Patients will most commonly present complaining of a headache. This headache may be seen in isolation or with additional symptoms of intracranial hypertension, such as vomiting and visual disturbance. The features of the headache are not specific and may mimic other headache syndromes, such as migraine or subarachnoid hemorrhage. Headaches may be gradual in onset or acute, localized, or diffuse.
In addition to headaches, patients may develop focal neurologic deficits from vasogenic or cytotoxic edema. Motor and sensory deficits are the most commonly described, but verbal and visual defects also occur. As with most diseases affecting the brain, symptomatology is determined by the specific site and extent of involvement. Many neurologic deficits resolve with treatment; however, those patients who experience infarction or hemorrhage may never recover. CVT may cause focal or generalized seizures. Profound cases of CVT can cause encephalopathic symptoms, including disturbances of consciousness, cognitive dysfunction, and even coma.
CVT places patients at risk for the later development of dural arteriovenous fistulas. The exact mechanism for which is not entirely understood, but localized venous hypertension may result in enlargement of physiologic arteriovenous shunts or promote neoangiogenesis. The development of these abnormal shunts between dural arteries and venous sinuses can lead to delayed complications from venous hypertension.
Preimaging planning
An understanding of venous anatomy is necessary for accurate image interpretation. The supratentorial venous system is traditionally divided into superficial and deep drainage. The deep venous system drains deep gray and white matter structures in a centripetal fashion collecting in the paired internal cerebral veins and basal veins of Rosenthal, which lead to the vein of Galen and straight sinus. The superficial cerebral veins drain the cortex and subcortical white matter in a centrifugal fashion, collecting in the dural venous sinuses (superior sagittal sinus, transverse sinuses). ( Fig. 1 ) Infratentorial veins may drain into the vein of Galen, the petrosal sinuses, or the dural venous sinuses.
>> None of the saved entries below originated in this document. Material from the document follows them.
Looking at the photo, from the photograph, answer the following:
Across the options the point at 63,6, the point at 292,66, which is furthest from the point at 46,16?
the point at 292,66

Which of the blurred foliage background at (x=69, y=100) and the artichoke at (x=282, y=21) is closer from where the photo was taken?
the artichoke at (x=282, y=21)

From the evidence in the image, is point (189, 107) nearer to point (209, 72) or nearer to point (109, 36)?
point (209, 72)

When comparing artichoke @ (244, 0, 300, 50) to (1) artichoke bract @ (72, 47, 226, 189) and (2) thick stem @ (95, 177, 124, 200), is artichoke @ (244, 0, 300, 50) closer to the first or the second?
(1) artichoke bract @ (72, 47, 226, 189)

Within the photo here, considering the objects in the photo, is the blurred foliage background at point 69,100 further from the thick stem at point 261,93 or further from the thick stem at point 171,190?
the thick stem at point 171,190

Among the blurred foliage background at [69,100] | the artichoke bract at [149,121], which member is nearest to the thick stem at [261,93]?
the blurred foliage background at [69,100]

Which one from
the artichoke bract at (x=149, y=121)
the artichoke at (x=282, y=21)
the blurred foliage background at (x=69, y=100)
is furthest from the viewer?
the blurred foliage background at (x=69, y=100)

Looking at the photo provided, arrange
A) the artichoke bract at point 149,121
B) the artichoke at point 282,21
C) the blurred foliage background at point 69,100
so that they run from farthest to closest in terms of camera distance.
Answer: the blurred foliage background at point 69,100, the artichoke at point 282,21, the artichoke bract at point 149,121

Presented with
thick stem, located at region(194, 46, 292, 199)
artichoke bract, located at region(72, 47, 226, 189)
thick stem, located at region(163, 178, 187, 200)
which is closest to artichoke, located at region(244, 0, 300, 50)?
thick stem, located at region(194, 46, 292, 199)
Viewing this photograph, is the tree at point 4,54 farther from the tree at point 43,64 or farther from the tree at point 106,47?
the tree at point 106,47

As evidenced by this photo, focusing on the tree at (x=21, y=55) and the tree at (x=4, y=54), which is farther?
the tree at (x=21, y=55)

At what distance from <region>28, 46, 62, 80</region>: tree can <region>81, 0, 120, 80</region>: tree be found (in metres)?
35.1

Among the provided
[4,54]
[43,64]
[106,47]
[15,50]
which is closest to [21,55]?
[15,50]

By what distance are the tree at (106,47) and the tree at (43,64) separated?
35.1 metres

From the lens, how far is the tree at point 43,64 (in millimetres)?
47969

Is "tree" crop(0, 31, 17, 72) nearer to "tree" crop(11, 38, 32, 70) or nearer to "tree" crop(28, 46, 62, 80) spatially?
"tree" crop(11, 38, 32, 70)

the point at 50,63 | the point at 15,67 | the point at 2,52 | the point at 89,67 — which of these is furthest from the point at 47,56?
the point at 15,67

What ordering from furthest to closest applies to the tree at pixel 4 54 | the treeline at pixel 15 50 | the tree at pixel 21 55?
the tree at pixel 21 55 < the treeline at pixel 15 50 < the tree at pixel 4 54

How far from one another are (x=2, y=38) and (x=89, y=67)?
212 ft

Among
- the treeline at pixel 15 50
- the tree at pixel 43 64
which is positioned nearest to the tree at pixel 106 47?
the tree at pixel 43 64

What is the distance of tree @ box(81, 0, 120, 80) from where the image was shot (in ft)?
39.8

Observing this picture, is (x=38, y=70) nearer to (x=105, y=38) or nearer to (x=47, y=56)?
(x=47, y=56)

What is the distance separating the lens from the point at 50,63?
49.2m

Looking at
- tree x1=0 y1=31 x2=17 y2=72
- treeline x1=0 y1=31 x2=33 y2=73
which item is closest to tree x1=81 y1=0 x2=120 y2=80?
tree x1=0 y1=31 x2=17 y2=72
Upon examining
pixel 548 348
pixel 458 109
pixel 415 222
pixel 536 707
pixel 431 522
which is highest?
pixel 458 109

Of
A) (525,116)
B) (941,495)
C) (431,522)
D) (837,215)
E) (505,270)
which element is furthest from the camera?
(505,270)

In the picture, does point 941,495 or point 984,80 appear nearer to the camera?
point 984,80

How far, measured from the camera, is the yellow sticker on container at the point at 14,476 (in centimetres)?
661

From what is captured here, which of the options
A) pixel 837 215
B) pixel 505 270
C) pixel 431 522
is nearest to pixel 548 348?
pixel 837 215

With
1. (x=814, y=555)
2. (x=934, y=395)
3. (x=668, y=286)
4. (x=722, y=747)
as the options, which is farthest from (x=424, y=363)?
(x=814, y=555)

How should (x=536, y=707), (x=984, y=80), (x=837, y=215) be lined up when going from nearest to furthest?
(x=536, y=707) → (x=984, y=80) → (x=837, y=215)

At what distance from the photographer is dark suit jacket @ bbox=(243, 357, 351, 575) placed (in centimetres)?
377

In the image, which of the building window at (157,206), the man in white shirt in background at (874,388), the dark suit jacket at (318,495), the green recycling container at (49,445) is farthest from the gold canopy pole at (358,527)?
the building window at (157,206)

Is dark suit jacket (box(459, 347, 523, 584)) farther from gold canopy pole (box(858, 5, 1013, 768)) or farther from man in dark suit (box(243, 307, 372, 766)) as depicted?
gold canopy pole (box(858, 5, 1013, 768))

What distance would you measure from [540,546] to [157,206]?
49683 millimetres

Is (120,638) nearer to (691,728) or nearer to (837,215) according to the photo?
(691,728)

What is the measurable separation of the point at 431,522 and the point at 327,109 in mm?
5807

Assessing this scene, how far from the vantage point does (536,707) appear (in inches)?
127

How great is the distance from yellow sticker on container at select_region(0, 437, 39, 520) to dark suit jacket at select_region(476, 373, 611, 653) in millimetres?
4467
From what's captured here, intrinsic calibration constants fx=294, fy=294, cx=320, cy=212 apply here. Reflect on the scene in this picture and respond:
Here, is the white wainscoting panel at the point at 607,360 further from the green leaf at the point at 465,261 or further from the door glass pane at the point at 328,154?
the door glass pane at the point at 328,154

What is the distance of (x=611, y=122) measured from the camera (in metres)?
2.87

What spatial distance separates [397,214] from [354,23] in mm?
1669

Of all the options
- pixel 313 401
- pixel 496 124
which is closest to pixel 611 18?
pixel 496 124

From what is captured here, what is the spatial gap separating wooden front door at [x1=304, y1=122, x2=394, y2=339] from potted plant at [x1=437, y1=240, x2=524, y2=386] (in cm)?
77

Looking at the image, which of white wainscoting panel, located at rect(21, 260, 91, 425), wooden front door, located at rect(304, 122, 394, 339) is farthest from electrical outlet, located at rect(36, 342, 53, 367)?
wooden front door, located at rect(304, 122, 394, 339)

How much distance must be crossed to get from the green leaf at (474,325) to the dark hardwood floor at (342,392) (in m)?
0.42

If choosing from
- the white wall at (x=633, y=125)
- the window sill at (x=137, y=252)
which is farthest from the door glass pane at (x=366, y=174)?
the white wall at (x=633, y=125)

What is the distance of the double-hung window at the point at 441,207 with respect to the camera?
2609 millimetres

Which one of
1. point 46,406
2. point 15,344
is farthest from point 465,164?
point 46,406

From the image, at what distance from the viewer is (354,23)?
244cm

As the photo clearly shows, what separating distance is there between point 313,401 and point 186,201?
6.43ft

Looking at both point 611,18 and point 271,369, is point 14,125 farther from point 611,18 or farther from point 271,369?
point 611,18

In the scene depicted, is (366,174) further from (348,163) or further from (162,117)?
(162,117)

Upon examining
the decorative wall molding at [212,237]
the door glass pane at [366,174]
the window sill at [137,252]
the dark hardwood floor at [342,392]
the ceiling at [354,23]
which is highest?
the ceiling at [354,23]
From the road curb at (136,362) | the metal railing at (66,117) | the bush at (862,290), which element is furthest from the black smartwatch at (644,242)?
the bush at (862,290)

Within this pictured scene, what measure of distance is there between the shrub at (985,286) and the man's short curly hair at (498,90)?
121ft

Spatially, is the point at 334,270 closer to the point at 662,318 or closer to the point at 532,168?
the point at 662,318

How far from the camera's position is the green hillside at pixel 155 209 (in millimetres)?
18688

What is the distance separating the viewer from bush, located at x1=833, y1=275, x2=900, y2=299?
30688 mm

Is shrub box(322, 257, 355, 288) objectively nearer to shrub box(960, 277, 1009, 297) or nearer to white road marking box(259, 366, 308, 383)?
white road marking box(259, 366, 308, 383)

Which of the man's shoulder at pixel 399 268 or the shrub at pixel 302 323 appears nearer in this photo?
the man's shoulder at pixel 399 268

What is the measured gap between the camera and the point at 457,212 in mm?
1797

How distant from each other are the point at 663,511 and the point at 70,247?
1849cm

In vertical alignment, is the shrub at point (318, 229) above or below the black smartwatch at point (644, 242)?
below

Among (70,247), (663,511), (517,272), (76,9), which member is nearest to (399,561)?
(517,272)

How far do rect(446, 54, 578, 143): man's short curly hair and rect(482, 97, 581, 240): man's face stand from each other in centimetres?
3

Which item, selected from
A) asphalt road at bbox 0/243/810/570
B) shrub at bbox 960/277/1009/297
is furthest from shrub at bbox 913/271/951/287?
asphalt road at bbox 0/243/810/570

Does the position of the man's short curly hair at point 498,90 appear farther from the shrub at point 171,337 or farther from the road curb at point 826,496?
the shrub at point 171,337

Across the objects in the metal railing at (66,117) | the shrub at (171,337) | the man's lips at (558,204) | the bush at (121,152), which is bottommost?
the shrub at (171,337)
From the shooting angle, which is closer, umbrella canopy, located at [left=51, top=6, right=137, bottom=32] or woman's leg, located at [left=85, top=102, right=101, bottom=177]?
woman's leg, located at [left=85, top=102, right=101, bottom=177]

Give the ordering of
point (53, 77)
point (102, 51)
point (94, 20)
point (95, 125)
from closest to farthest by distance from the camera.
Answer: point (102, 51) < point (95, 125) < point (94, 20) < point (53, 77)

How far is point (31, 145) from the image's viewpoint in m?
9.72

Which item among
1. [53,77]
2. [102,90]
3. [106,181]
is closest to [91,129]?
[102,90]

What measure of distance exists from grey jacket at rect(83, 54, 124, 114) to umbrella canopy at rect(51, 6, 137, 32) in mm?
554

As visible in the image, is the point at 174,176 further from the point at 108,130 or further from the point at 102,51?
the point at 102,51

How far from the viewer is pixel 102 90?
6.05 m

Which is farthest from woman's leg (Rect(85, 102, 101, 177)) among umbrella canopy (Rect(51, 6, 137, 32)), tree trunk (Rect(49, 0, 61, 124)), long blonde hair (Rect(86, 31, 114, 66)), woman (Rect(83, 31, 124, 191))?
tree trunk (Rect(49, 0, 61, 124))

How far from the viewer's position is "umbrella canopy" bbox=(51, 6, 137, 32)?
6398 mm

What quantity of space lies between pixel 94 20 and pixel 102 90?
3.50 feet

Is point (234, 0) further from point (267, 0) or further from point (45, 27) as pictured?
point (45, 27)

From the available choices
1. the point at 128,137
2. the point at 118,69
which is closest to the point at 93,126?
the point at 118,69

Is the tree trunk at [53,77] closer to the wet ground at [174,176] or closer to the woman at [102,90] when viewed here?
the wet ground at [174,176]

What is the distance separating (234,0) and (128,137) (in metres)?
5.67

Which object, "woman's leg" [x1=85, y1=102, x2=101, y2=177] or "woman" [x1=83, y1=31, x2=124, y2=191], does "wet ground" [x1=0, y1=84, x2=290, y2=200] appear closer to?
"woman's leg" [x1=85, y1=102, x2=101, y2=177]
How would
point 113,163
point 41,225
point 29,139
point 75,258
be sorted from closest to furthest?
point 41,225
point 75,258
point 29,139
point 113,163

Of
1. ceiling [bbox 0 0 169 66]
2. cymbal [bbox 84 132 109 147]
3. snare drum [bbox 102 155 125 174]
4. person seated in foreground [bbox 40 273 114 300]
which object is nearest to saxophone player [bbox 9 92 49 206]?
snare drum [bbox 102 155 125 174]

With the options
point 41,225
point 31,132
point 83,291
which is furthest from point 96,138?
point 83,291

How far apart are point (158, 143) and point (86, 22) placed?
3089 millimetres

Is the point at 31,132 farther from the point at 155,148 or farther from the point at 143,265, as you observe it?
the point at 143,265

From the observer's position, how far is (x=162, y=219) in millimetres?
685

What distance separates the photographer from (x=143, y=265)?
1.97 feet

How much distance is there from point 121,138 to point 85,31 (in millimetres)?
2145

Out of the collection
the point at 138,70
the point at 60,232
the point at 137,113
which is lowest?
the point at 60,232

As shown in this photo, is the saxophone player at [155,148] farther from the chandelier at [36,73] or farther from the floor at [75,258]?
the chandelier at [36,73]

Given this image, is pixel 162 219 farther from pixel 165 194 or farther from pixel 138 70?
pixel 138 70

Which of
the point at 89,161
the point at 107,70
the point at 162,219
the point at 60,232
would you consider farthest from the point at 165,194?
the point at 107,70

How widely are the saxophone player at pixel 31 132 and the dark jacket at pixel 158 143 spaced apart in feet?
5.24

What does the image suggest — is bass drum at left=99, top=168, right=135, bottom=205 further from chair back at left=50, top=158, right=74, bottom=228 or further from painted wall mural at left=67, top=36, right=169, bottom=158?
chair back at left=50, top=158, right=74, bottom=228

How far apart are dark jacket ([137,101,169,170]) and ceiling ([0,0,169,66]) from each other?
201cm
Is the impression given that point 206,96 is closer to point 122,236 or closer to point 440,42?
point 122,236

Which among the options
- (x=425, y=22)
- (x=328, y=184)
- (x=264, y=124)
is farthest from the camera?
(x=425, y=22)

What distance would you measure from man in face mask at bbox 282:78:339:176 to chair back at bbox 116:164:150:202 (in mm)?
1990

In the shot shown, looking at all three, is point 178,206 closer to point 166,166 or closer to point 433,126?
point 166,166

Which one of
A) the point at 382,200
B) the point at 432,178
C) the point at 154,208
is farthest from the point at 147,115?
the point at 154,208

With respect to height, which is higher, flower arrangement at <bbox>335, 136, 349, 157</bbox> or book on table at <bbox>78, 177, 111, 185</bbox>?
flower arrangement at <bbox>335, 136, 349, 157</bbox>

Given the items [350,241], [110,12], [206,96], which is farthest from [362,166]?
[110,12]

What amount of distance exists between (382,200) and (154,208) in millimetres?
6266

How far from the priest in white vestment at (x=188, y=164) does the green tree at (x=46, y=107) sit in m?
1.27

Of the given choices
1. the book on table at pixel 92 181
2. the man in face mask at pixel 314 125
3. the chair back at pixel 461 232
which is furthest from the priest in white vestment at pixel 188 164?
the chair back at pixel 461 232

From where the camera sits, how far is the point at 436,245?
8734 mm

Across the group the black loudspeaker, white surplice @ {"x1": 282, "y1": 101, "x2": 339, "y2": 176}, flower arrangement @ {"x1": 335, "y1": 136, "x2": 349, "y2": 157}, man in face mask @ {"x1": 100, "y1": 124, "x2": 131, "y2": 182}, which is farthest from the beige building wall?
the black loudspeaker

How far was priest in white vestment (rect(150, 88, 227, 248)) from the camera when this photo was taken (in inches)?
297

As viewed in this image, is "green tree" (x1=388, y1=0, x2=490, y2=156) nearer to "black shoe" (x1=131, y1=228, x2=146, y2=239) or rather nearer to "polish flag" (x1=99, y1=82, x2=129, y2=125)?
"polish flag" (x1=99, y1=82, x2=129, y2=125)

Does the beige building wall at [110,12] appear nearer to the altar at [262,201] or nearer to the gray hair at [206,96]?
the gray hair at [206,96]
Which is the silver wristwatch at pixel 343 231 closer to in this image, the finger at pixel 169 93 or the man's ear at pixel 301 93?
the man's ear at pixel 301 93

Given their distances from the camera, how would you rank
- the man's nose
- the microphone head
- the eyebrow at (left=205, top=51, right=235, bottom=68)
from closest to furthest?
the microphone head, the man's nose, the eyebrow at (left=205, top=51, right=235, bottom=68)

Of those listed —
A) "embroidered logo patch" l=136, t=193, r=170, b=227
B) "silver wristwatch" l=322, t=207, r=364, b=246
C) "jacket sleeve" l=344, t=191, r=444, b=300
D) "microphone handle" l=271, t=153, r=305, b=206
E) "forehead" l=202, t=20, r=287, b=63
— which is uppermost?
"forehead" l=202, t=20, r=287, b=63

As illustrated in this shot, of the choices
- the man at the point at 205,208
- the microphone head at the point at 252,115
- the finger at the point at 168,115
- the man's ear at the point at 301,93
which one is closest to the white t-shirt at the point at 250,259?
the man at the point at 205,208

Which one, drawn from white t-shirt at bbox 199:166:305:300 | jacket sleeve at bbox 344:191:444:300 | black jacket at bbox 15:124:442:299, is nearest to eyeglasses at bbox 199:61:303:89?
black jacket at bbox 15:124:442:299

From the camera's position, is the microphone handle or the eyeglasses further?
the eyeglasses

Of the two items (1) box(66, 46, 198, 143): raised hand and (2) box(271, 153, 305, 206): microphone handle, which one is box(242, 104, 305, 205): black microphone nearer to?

The superficial and deep venous systems coalesce at the torcula herophili, which is formed at confluence of the superior sagittal sinus, straight sinus, and transverse sinuses. Extracranial drainage is through the internal jugular veins via the sigmoid sinuses (see Fig. 1 ).
Venous anatomy is highly variable. Superficial cortical veins vary in size and number among patients and are asymmetric, complicating imaging interpretation. Because of the expected variation from one side to another and between patients, absent signal from a thrombosed vessel can easily be overlooked. One of the most commonly confusing anatomic variations is the difference in the size of the transverse sinuses, occurring in almost 50% of people. In 20% of cases, the smaller sinus (typically left sided) is atretic or absent ( Fig. 2 ). This anatomic variation may lead to a false-positive result for inexperienced readers who assume absent enhancement equals thrombosis.
Developmental venous anomalies (DVAs) are the most commonly occurring vascular malformations. These variations occur as a primary dysplasia of normal venous drainage, which results in a radiating collection of small medullary veins that converge on a solitary transcerebral vein ( Fig. 3 ). Although thought to be benign entities composed of mature vascular elements, numerous cases of isolated DVA thrombosis with or without infarction and hemorrhage have been reported. Many investigators think that these structures have abnormal elevated venous pressures and associated vascular stasis.